- [Work to complete]: Lines before the one containing "Natural Painless Auto" in the records below are to be left out; that line and all after it, through the end, are to be retyped exactly.

- [Records provided]:
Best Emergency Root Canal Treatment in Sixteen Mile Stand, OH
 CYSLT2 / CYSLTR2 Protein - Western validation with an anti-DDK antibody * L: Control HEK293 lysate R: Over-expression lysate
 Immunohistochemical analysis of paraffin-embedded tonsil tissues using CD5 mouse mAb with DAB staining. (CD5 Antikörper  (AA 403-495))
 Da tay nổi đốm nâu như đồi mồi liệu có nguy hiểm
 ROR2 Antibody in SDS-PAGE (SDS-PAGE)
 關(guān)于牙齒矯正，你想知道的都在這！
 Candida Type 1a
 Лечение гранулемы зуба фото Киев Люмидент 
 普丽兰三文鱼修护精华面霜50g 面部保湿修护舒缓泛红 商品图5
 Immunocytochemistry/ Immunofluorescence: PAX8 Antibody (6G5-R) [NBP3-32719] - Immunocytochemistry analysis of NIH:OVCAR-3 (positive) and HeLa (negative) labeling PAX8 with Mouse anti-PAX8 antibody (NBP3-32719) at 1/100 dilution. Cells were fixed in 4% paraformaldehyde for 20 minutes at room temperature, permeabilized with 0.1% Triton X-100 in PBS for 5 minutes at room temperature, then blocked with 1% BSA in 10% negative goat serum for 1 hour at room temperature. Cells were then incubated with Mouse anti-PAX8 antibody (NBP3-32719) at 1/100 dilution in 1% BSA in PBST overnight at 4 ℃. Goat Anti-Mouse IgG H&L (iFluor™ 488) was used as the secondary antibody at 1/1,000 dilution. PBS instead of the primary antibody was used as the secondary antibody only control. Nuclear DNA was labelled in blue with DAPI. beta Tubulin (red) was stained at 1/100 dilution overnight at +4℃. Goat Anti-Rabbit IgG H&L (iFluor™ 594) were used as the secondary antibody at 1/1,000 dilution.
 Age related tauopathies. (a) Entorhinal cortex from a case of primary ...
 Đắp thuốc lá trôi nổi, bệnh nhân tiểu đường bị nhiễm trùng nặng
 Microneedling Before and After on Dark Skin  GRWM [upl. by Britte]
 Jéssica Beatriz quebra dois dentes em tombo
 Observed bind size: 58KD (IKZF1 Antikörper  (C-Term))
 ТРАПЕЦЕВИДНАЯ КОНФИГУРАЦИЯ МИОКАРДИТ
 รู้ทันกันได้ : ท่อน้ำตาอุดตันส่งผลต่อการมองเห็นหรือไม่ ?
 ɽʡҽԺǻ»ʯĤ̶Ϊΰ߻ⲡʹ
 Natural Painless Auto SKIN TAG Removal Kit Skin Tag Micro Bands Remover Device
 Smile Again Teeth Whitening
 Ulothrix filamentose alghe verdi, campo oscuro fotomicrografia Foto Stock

- [Finished exercise]:
 Natural Painless Auto SKIN TAG Removal Kit Skin Tag Micro Bands Remover Device
 Smile Again Teeth Whitening
 Ulothrix filamentose alghe verdi, campo oscuro fotomicrografia Foto Stock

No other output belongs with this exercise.